Approda, tra i cortometraggi selezionati per il concorso internazionale del Ca’ Foscari Short Film Festival, L’attaque (2024) diretto dall’italiana Aureliana Bontempo. La regista, attualmente studentessa di regia presso il Centro Sperimentale di Cinematografia di Roma, ha presentato il suo primo cortometraggio The Last Lover al festival DesignAgorà di Porto e Maestri di sci, uno dei suoi ultimi lavori, nella sezione cortometraggi del David di Donatello.
Il film entra perfettamente in un’edizione del festival in cui spiccano racconti di famiglie disfunzionali e delle conseguenze che violenze e abusi hanno su giovani e bambini.

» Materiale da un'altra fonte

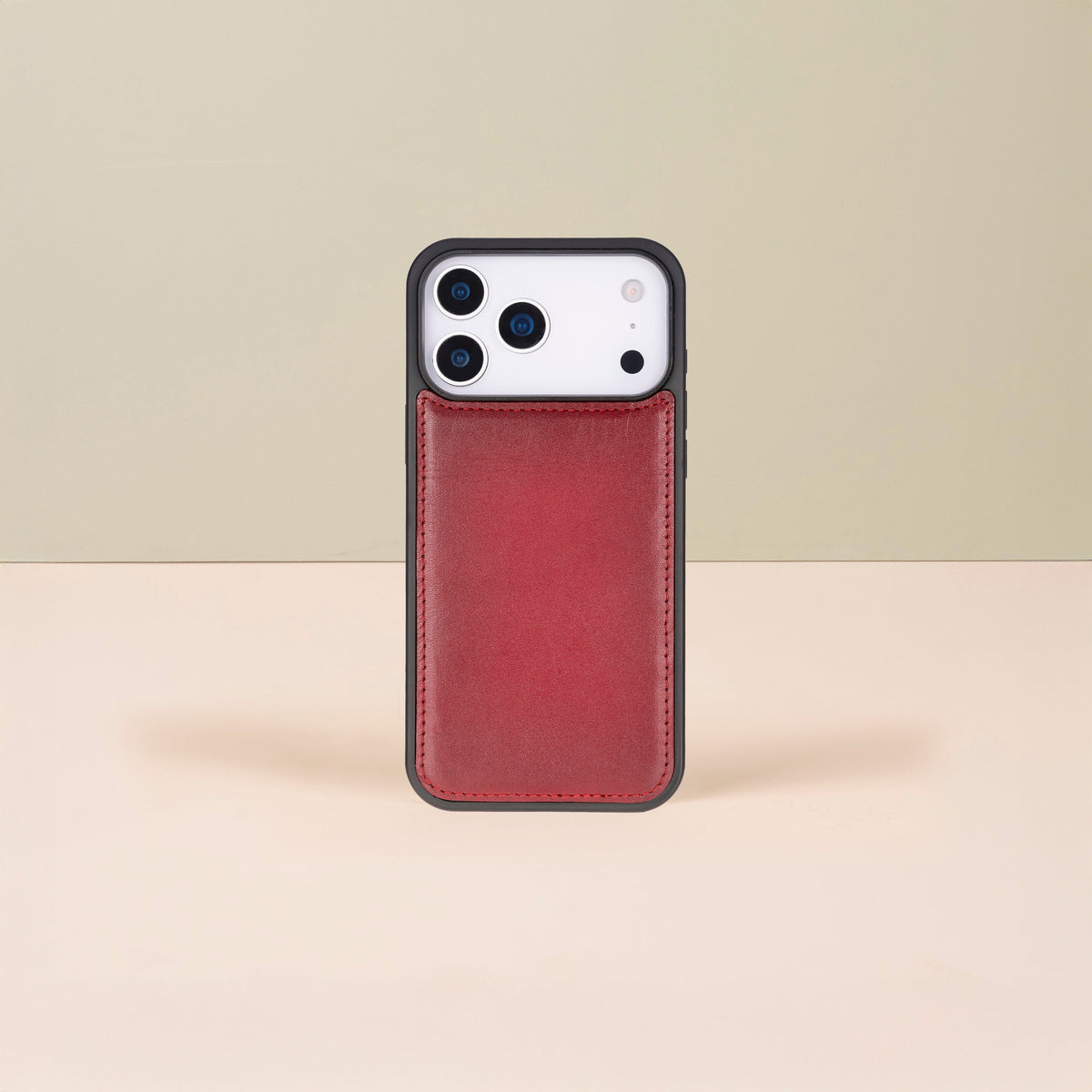 Leather iPhone 18 Pro Max Wallet Case – Red - Austin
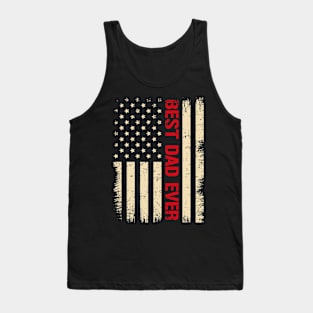 Best Dad Ever with US American Flag Father's Day Tank Top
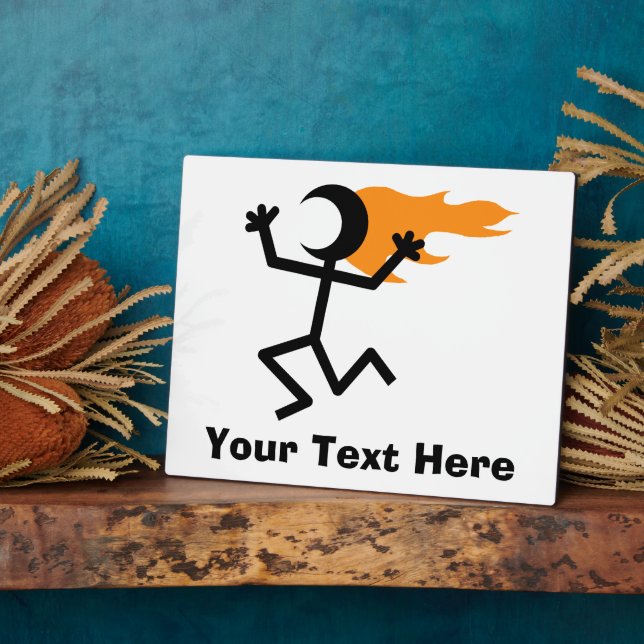 Plaque Photo Stickman à tête flamboyante (Côté)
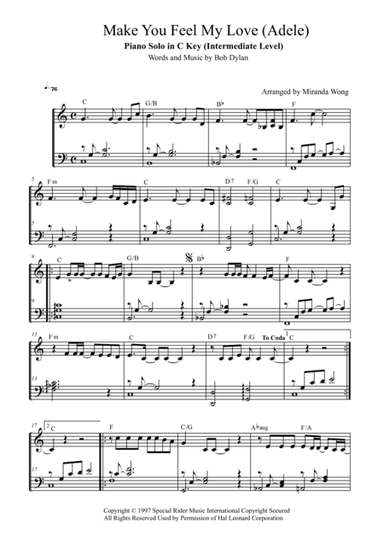Make You Feel My Love (arr. Miranda Wong)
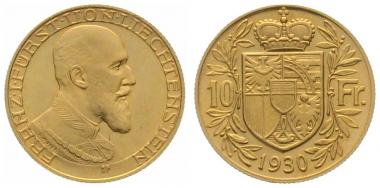Liechtenstein 10 Franken 1930 - Franz I.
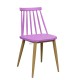 餐椅 紫色+木紋腳 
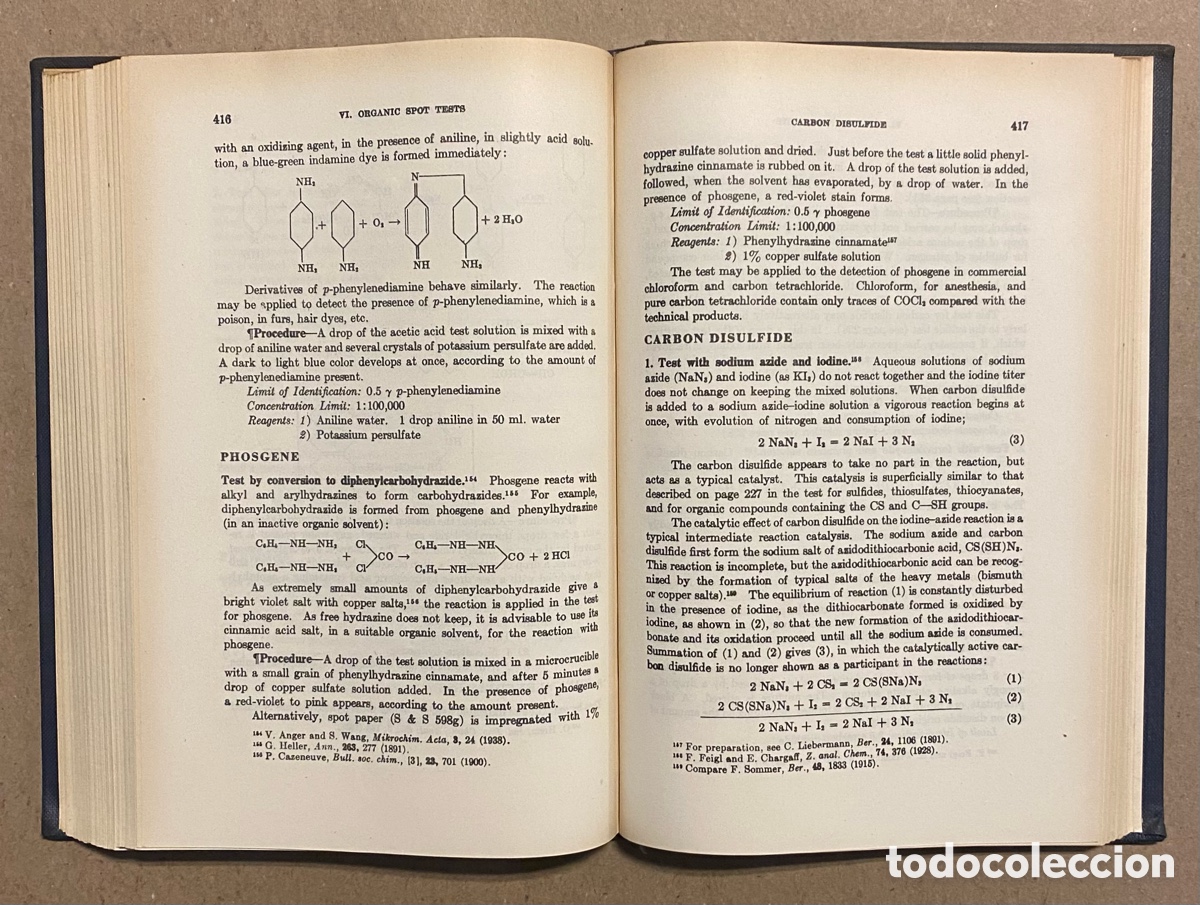 Libros de segunda mano: QUALITATIVE ANALYSIS BY SPOT TESTS. FRITZ FEIGL. ELSEVIER PUBLISHING 1947. - Foto 7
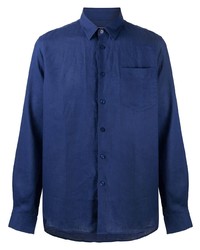Chemise à manches longues en lin bleu marine Vilebrequin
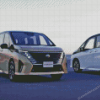 White And Grey Nissan Serena Cars Diamond Paintings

Il corto verrà proiettato gratuitamente venerdì 21 marzo presso l’Auditorium Santa Margherita – Emanuele Severino.
L’attaque: uno sguardo alla storia
La storia di L’attaquegira intorno ad Aurora, una bambina che, giocando un giorno nel bosco, trova quello che sembra essere un uovo di drago. Emozionata, allora, corre dalla sorella maggiore Emma per raccontarle della sua scoperta. Lei però non le crede, sostenendo che i draghi non esistono. Anni dopo, Aurora è più grande e va a scuola, mentre Emma si sta per trasferire in una nuova casa con il ragazzo, Davide, lasciando sua sorella sola con la madre. Il forte legame che le unisce rischia di incrinarsi quando Aurora rivela alla sorella di aver subito una violenza da Davide. Emma, incredula e ferita, dapprima nega l’accaduto, per poi scoprire di aver sempre avuto torto.

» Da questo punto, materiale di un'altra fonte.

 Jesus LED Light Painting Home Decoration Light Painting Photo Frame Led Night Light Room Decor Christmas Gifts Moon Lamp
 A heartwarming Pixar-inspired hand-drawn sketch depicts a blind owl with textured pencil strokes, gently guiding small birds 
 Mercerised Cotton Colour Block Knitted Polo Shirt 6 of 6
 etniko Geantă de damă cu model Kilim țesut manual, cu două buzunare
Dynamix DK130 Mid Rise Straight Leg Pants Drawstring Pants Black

Uova di drago e fiori del male
Il titolo peculiare L’attaquefa riferimento alla poesia di Charles Baudelaire pubblicata nella raccolta I fiori del male (1853). Il passo descrive l’io narrante che si presta ad ‘attaccare’ la sua amata: “Mi porto all’attacco, m’arrampico all’assalto / come fa una fila di vermi presso un cadavere”. Di contro, il rifiuto e la freddezza con cui viene ricambiato, accendono con più vigore il desiderio del protagonista.
Il commento di Aurora alla poesia anticipa chiaramente quello che sarà uno dei nodi principali del corto: “A volte in amore le cose belle e le cose brutte si confondono. Solo che se sei innamorato non ci fai caso”. Frase che ben esprime il sentimento di disillusione, e successiva negazione, che proverà Emma nei confronti di sua sorella.

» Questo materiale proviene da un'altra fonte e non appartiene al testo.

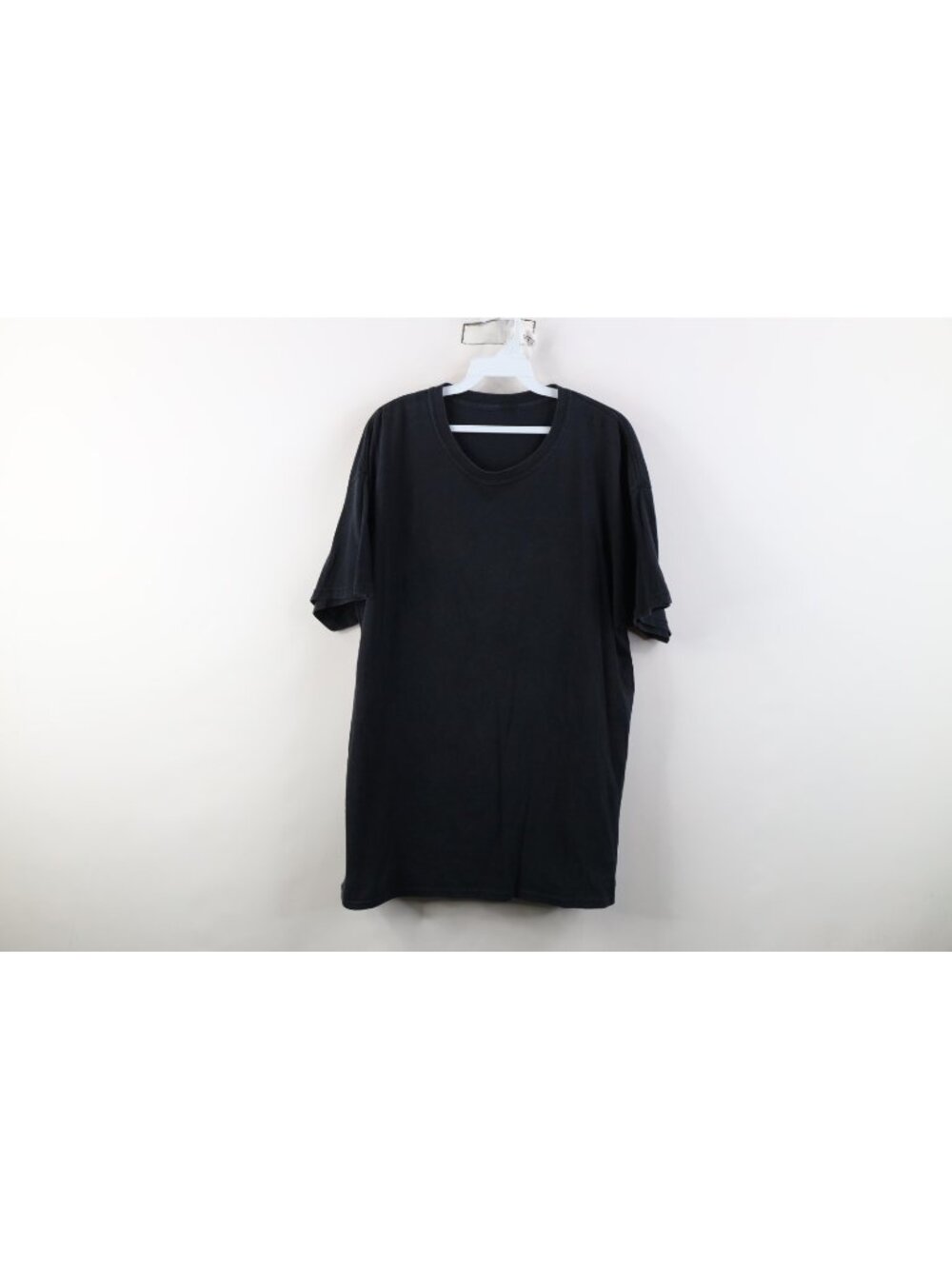 Vintage 90s Y2K Streetwear Mens XL Faded Blank Cotton Short Sleeve T-Shirt Black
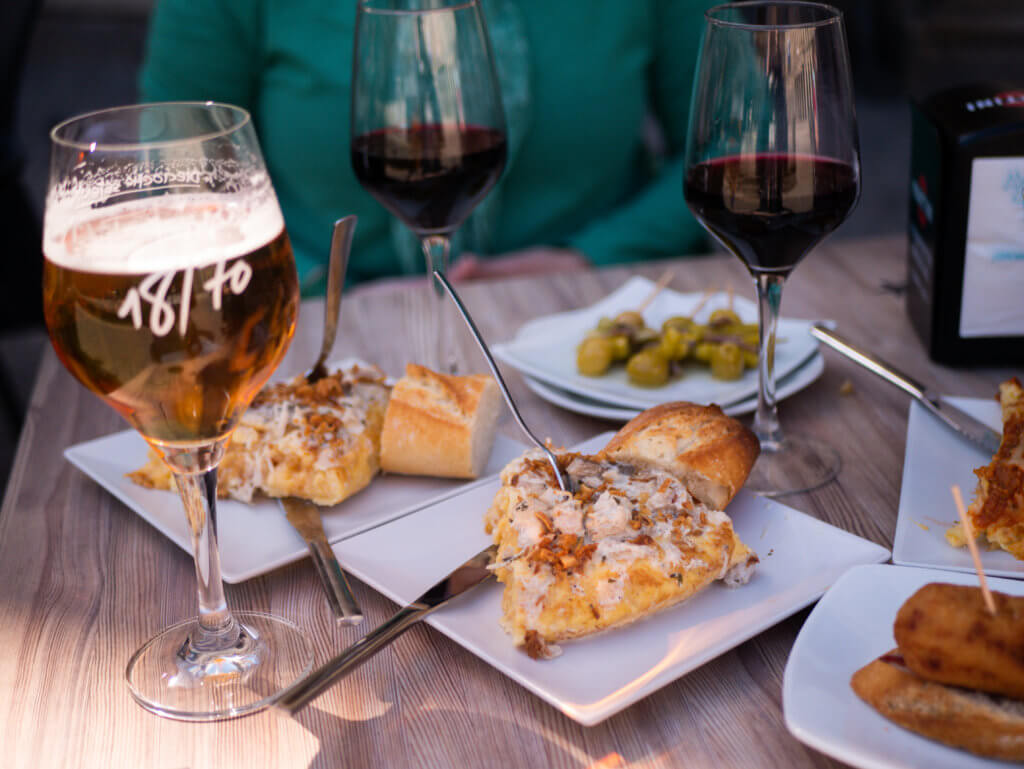 Table of beer, wine and pintxos in Vitoria Gasteiz Spain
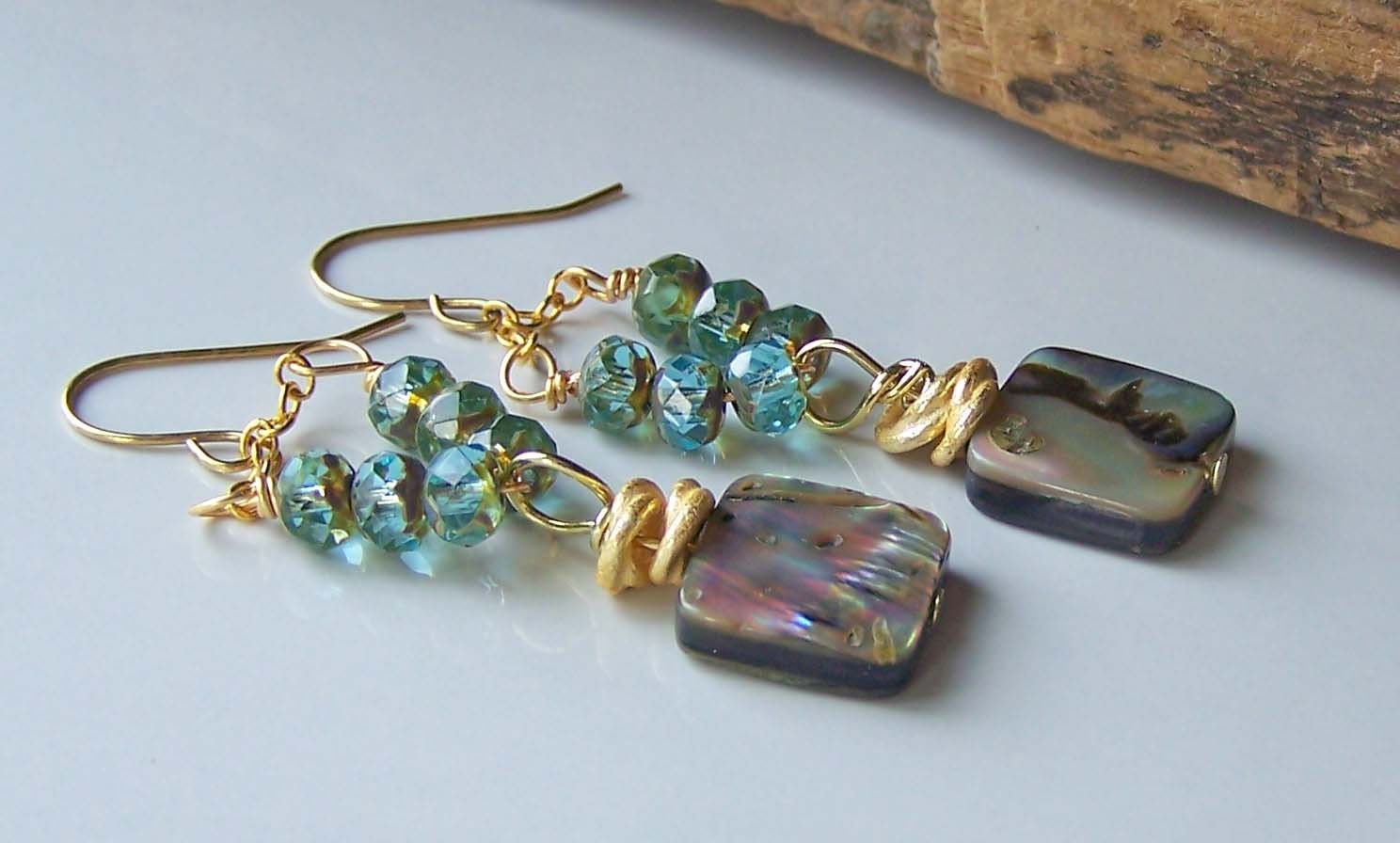 Etsy, Etsy Jewelry, Beaded Earrings, Beaded Jewelry, Czech Glass and Abalone Shell Earrings, Jewelry on Etsy, Dangle Earrings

Cosa hanno in comune draghi e molestie?
Bontempo e le sceneggiatrici Aversa, Ciani e Miniero sembrano dirci che entrambi, finché non se ne parla, è come se non esistessero. È, invece, attraverso un atto di condivisione che si dà voce alla verità. Proprio attraverso l’accoglienza di questa verità, che sembra apparentemente impossibile e assurda, che si possono intessere e ricucire legami profondi come quello di sorellanza. L’espediente del realismo magico posto alla fine dimostra come quello che confessa Aurora sia reale e credibile, costringendo Emma a mettere in discussione le sue convinzioni.
È alquanto difficile individuare il male in coloro che riescono a nasconderlo con astuzia, in quanto si mostrano cordiali e gentili in apparenza, ma spesso nascondendo qualcosa di oscuro e maligno.
Davide, infatti, si avvicina ad Aurora in maniera a prima vista innocente, traendola così in inganno. Questa situazione di raggiro, oscurità e poca trasparenza, viene restituita sullo schermo grazie a un interessante gioco di ombre. Infatti, se inizialmente “l’attacco” subdolo di Davide avviene fuoricampo, dietro la macchina da presa, la regista sceglie poi di mettere lo spettatore di fronte alla realtà scomoda e violenta dell’atto di molestia obbligandolo a non distogliere lo sguardo. Mettendolo volutamente a disagio davanti a un’evidenza inconfutabile.
La solida sceneggiatura viene resa sapientemente da intensi primi piani sul viso di Aurora, che rivelano tutto il suo sconforto e disagio. Bontempo ci insegna così a distinguere i mostri reali e pericolosi, da quelli innocui e immaginari.